The medical update from Orioles manager Brandon Hyde and a brief interview with the injured reliever at his spring training locker made for an easy jump to a roster conclusion.
It felt like more of a hop.
Evan Phillips wasn’t able to pitch because of a sore elbow and headed to Los Angeles for a second opinion. A month or more could pass before he’d be allowed to pick up a ball.
My headline on a March 6 article stated: “Phillips to start season on injured list”
The third paragraph read: “Phillips will have to begin the season on the injured list.”
I didn’t leave the door cracked. It was slammed shut and bolted. I could have slid a dresser in front of it.
This is exactly how it could play out, but the coronavirus pandemic is putting everything on hold. Rosters weren’t set prior to opening day on March 26. Decisions weren’t made regarding the injured list, including the 60-day variety.
Maybe he actually can stay off the IL. Who knows?
“I’d say it’s possible,” he said earlier this week. “It’s hard to say how my throwing program’s going to kick back up and when that start date is and when that date of completion is for my throwing program.
“The unfortunate thing about having to take all this time off is that usually you use that much time to get back into it, so if I take six weeks off of throwing and it takes six more to build back up ... Selfishly, hopefully I get that time so I start the season with the team, and if not, that injured list is still a possibility. But we’ll take it week-to-week and see where we’re at. That’s all we can do for now.”
Phillips grabbed some exercise equipment before the Orioles closed their spring facility, including cuff weights and bands, and he’s got them at the house he’s sharing with relievers Cody Carroll and Tanner Scott.

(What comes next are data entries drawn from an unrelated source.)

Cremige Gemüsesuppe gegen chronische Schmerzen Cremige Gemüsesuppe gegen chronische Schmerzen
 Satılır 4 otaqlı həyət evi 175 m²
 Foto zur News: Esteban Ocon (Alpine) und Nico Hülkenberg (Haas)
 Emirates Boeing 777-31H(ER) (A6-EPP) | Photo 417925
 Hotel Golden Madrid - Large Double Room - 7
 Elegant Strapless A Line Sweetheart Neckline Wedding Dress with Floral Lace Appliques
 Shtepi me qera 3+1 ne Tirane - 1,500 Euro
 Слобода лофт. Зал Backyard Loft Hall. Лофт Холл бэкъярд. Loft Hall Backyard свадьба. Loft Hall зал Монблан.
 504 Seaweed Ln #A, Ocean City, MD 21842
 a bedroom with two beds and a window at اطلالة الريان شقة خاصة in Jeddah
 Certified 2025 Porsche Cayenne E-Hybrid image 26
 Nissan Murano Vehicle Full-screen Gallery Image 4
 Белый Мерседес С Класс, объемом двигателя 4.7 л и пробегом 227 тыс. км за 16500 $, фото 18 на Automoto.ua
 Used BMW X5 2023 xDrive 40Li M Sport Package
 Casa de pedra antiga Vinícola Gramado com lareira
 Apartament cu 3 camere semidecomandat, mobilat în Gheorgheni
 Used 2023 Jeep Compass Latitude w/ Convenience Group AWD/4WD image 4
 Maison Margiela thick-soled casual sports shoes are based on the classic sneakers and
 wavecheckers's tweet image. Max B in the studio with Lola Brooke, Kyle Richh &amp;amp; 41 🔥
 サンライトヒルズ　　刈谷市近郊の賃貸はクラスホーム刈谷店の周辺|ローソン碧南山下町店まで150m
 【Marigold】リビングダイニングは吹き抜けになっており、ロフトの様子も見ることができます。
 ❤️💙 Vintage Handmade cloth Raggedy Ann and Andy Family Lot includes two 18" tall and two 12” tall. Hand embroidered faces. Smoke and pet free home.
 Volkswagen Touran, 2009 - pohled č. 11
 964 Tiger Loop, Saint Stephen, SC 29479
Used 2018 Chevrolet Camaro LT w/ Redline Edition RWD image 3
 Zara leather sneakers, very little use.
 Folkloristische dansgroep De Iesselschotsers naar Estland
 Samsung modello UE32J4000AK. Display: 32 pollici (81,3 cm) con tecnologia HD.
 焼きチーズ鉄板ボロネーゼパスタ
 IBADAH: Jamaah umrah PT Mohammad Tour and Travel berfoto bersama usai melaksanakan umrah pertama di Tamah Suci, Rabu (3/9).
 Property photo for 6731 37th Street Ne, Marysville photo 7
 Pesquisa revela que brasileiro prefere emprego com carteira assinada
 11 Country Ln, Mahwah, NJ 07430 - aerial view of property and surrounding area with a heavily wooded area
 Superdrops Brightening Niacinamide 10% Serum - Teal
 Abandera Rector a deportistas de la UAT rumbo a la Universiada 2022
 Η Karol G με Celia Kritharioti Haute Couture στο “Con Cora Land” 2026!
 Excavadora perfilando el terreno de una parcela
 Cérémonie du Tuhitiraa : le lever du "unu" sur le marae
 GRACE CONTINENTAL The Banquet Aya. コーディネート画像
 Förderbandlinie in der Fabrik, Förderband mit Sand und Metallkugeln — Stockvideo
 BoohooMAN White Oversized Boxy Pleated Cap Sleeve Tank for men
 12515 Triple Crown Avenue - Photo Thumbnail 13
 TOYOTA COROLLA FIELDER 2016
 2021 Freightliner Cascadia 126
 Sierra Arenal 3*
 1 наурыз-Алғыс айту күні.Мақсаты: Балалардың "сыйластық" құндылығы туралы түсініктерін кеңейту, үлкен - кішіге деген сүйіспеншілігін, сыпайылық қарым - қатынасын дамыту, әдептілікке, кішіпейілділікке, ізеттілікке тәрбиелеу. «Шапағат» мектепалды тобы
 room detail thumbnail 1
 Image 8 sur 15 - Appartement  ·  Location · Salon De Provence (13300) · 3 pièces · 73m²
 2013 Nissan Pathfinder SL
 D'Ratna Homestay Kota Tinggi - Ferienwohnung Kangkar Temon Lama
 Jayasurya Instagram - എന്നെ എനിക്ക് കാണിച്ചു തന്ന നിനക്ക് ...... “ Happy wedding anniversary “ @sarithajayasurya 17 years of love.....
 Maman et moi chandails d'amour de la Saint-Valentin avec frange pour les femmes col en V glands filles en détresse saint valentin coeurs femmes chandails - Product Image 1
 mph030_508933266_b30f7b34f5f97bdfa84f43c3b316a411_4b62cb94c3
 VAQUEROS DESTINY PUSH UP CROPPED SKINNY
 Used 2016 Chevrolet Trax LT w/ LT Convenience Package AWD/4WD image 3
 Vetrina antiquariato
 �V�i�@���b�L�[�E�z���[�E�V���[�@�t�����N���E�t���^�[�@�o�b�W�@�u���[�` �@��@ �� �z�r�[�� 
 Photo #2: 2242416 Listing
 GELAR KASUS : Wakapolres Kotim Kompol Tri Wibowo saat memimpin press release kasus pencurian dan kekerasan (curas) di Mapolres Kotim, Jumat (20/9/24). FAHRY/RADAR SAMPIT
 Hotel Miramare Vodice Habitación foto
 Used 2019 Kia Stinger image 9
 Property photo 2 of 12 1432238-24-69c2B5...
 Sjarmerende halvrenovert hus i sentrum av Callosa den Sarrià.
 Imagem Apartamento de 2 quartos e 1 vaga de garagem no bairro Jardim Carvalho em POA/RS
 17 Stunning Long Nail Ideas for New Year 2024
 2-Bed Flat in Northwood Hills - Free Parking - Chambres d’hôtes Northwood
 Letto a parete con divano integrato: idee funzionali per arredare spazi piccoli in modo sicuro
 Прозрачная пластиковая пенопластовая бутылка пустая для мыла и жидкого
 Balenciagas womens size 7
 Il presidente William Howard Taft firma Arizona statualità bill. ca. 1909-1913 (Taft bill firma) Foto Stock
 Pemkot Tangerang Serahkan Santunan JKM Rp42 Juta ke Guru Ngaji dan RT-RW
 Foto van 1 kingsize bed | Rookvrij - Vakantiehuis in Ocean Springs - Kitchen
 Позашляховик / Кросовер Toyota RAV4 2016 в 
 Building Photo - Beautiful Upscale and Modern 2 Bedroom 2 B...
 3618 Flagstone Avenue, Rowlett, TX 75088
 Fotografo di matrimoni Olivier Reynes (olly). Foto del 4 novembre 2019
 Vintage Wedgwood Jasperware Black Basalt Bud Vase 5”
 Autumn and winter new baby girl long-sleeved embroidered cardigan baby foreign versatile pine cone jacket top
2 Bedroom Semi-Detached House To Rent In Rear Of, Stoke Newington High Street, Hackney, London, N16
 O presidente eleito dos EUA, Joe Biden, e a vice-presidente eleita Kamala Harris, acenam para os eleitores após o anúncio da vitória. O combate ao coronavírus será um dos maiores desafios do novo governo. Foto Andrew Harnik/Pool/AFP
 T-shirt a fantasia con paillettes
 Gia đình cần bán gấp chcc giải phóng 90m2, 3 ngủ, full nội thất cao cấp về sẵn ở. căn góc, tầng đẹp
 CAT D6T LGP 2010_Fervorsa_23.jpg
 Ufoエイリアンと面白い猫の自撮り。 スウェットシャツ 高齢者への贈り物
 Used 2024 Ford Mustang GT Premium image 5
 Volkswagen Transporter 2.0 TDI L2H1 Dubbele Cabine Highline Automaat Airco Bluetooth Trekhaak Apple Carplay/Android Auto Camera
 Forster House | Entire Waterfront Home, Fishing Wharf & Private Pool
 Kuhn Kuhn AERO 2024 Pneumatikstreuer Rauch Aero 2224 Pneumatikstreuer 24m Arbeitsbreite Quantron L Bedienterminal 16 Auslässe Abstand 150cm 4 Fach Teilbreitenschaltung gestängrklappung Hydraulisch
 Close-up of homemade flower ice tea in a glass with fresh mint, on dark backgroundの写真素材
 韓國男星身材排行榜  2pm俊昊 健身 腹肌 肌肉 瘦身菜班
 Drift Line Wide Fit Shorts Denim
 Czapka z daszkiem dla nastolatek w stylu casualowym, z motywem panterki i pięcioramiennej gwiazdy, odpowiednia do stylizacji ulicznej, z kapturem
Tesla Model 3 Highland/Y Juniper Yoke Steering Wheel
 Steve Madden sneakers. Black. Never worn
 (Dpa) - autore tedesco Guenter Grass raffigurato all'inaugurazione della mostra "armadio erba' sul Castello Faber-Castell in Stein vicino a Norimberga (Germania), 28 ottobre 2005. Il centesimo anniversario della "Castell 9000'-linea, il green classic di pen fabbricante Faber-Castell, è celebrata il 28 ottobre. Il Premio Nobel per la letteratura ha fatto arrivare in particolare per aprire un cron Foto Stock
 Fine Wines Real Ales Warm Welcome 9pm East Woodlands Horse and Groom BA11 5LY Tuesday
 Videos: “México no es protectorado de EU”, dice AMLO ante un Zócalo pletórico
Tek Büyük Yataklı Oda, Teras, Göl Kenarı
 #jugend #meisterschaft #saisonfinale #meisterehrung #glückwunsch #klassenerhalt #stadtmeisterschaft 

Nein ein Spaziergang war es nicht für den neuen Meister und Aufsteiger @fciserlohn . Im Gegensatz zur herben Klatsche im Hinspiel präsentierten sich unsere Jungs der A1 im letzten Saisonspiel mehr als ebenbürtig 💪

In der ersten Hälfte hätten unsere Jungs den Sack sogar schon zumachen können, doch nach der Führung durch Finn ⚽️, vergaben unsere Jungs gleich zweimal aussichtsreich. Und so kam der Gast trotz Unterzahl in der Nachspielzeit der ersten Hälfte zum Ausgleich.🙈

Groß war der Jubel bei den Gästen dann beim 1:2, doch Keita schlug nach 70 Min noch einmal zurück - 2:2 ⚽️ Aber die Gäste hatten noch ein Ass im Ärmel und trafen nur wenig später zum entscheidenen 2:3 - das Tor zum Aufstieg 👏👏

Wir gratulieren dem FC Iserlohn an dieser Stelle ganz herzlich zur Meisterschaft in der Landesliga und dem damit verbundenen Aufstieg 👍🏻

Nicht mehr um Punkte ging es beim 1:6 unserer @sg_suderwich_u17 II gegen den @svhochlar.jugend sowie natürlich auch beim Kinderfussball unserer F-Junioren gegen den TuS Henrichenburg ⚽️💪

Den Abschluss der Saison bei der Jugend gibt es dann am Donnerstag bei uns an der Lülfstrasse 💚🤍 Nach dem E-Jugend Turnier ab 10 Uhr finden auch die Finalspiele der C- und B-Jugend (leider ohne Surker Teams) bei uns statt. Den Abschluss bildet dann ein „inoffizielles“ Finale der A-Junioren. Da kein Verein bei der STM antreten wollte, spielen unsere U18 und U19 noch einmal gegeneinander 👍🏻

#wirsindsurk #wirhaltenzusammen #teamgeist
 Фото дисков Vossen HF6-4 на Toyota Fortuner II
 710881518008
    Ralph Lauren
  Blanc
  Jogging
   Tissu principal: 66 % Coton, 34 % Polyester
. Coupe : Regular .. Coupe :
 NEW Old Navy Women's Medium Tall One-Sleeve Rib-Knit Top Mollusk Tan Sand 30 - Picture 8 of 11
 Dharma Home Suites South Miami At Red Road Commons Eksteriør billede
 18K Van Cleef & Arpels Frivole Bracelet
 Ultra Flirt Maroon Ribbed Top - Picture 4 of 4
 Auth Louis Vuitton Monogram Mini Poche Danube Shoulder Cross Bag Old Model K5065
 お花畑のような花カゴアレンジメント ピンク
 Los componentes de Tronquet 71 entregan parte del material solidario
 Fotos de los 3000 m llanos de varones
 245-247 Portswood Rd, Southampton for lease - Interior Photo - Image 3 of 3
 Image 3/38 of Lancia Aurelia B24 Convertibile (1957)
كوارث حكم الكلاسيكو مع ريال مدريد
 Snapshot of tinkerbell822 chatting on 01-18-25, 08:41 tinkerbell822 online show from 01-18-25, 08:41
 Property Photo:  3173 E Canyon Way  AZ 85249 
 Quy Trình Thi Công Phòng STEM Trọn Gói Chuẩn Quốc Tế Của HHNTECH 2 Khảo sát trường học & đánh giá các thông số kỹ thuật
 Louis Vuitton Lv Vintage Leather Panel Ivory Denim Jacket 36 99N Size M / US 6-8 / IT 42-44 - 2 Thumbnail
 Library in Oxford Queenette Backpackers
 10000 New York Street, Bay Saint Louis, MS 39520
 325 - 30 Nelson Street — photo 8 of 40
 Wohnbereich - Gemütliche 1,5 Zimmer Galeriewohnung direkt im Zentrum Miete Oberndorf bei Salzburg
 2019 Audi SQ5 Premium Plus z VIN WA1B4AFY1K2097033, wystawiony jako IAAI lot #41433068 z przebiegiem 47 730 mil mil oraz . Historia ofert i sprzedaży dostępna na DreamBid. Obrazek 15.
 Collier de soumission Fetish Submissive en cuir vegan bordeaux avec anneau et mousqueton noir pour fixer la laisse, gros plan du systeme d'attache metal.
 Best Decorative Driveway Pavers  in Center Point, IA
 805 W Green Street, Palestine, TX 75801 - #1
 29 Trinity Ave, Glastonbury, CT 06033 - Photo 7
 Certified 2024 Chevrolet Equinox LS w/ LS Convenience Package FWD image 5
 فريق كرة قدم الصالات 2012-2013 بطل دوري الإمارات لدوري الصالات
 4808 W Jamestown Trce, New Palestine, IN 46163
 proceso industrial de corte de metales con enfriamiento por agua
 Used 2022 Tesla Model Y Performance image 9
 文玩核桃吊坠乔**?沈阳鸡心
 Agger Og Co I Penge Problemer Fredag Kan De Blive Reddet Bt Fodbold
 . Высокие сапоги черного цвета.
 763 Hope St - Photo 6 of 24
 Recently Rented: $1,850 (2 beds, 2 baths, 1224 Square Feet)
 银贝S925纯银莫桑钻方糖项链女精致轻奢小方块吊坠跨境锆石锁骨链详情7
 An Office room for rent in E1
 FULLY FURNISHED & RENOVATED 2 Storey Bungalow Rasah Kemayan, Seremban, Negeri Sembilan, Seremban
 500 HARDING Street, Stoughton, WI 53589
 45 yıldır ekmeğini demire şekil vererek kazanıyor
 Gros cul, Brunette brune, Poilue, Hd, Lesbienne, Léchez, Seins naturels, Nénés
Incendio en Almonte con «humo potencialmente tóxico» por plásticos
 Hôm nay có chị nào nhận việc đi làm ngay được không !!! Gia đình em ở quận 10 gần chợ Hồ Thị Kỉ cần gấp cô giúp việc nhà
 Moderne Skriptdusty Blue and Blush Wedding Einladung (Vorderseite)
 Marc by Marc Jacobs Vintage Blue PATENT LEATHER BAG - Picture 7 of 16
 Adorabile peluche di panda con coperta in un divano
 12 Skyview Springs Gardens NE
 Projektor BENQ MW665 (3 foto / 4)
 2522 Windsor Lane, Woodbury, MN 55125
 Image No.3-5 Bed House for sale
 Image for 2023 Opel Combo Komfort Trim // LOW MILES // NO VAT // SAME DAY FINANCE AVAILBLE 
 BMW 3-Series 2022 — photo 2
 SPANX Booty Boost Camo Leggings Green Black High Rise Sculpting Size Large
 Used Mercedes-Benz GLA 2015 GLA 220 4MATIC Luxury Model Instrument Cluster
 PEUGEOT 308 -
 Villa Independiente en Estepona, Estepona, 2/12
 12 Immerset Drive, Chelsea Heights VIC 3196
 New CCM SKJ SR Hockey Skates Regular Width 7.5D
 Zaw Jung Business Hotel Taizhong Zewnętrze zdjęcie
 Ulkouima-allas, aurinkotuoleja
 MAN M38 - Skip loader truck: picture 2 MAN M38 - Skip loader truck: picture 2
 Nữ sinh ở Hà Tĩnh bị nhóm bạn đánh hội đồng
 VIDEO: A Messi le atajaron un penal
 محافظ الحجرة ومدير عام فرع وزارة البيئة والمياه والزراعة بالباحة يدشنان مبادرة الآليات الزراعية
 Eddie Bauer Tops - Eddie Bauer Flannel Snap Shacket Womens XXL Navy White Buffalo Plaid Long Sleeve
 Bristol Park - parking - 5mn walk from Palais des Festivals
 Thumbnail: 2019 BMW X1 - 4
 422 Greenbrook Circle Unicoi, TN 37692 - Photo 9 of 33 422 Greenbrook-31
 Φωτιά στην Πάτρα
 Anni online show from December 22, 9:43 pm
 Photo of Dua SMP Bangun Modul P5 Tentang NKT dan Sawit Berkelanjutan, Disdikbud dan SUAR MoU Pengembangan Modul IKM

“I do a shoulder program basically six out of seven days a week,” he said. “It’s just divvied up into two different levels. I do shoulder and elbow exercises and then I’ll do (scapula) exercises, as well. And I’m able to condition, I’m able to do minor lifts.
“I have to be careful about what I do with my arm. I’m still not throwing, so we’re trying to keep the heavy load off my arm as much as possible. I’m able to take care of things to the extent that I need to, and my shoulder care is through the roof. I’m probably stronger than I’ve ever been when it comes to my shoulder strength and mobility, so hopefully when I start throwing ...
“I still don’t have a firm date yet. I know we’re going to take it slow because we have the ability to do so with this situation that we’re in. But hopefully when I do start back up I’ll be fresh and ready to go.”
If Phillips has to adjust his goals, he can strive to avoid the 60-day injured list and force the Orioles to find other ways to clear space on the 40-man roster.
He remembers when the 60-day was probable instead of a possibility, but he didn’t have a clue that a pandemic would shut down the sport.
“I know,” he said. “Things have changed. It’s quite crazy.”
Teams are trying to get ready for a season that they aren’t certain will begin in 2020. And if it does, how it’s going to be constructed. Players have moved away from the friendly confines of spring camp, but must remain on the same page.
They can’t just start from scratch if camps reopen.
“It’s crossed my mind,” Phillips said.
“I think everyone’s taking care of themselves in the best way that they can, and honestly it just feels like an extended version of the offseason right now. I know guys already have had plenty of reps in what was spring training, so hopefully when we come back, guys don’t miss a beat because they’ve continued to practice at that intensity and whatnot.
“So hopefully when we come back and in whatever shape and form we have of spring training, guys are in equally as good of shape as they were when we showed up, because I feel like we all were in a really good spot in camp and hopefully that rolls over into the new spring training and into the season.”